### What to do
Restate the data below word for word. Leave the images out.

### Data for processing
--
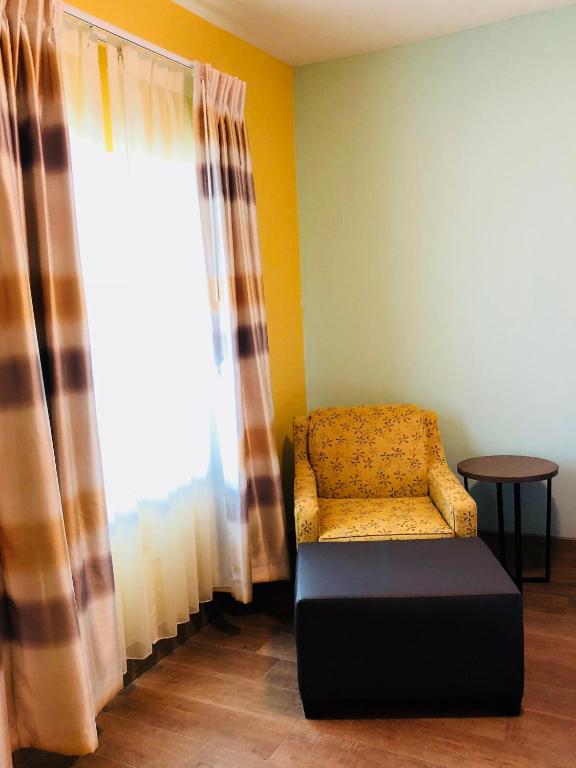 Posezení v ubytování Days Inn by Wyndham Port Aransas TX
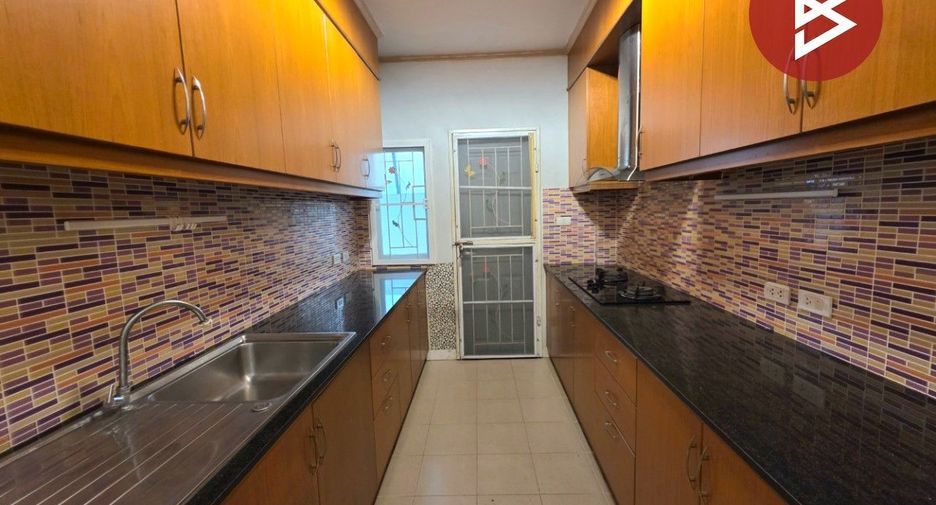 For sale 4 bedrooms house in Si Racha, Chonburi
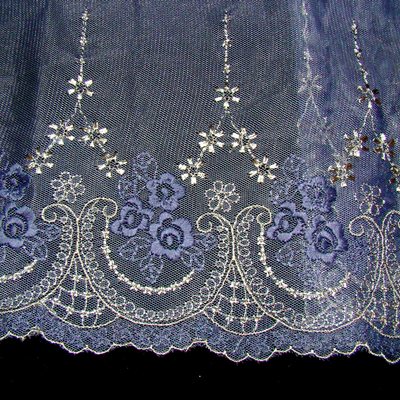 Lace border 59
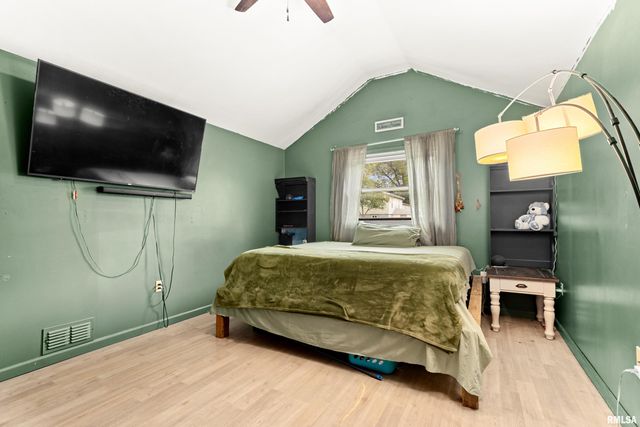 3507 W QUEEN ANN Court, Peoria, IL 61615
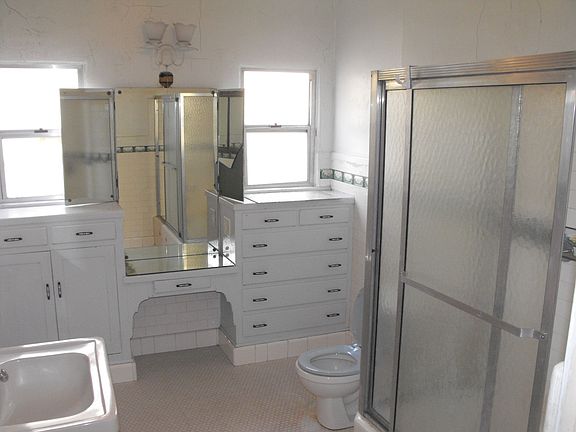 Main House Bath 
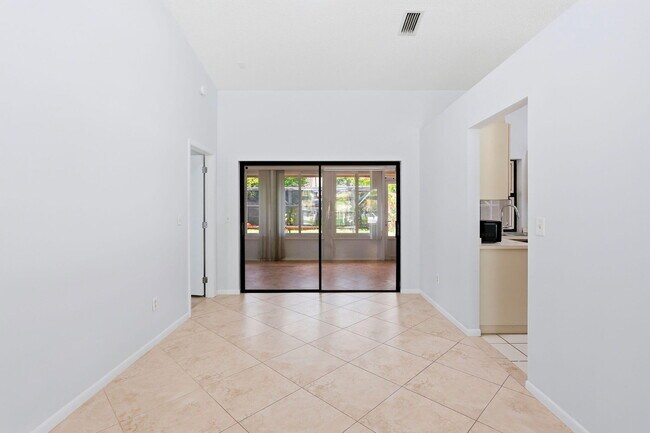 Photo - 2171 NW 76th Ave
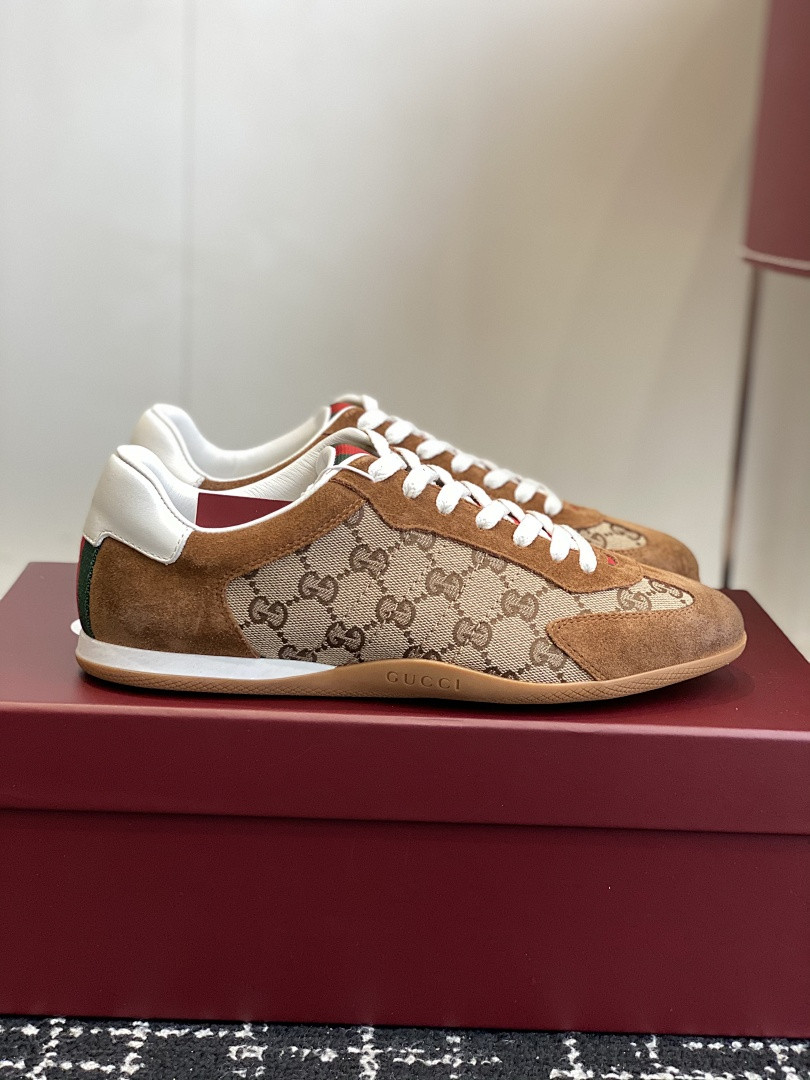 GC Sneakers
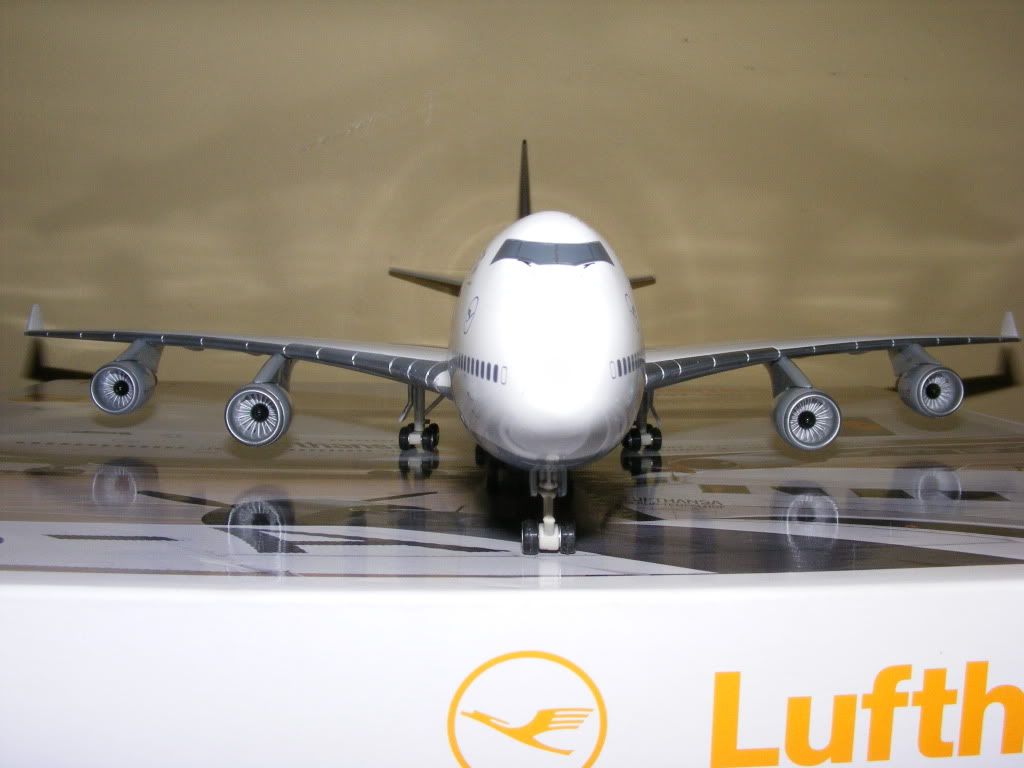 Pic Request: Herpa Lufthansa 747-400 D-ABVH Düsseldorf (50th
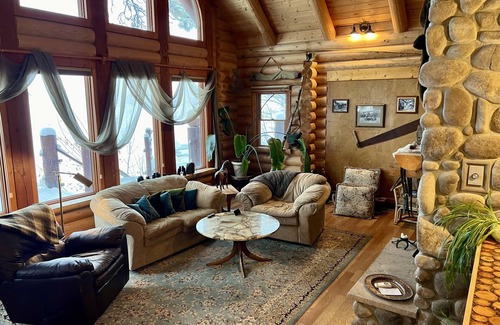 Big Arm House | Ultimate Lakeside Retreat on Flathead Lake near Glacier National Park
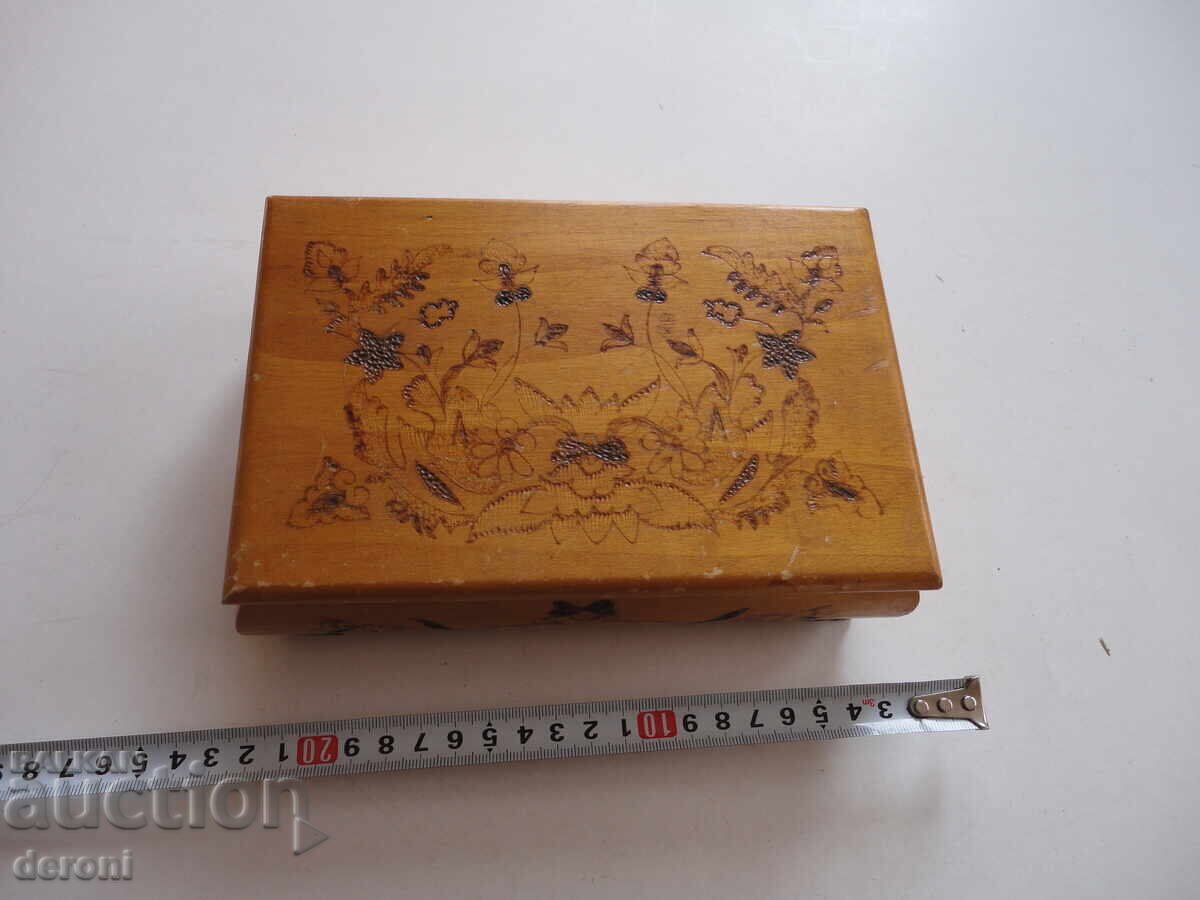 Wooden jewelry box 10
--
### The answer
 Posezení v ubytování Days Inn by Wyndham Port Aransas TX
 For sale 4 bedrooms house in Si Racha, Chonburi
 Lace border 59
 3507 W QUEEN ANN Court, Peoria, IL 61615
 Main House Bath 
 Photo - 2171 NW 76th Ave
 GC Sneakers
 Pic Request: Herpa Lufthansa 747-400 D-ABVH Düsseldorf (50th
 Big Arm House | Ultimate Lakeside Retreat on Flathead Lake near Glacier National Park
 Wooden jewelry box 10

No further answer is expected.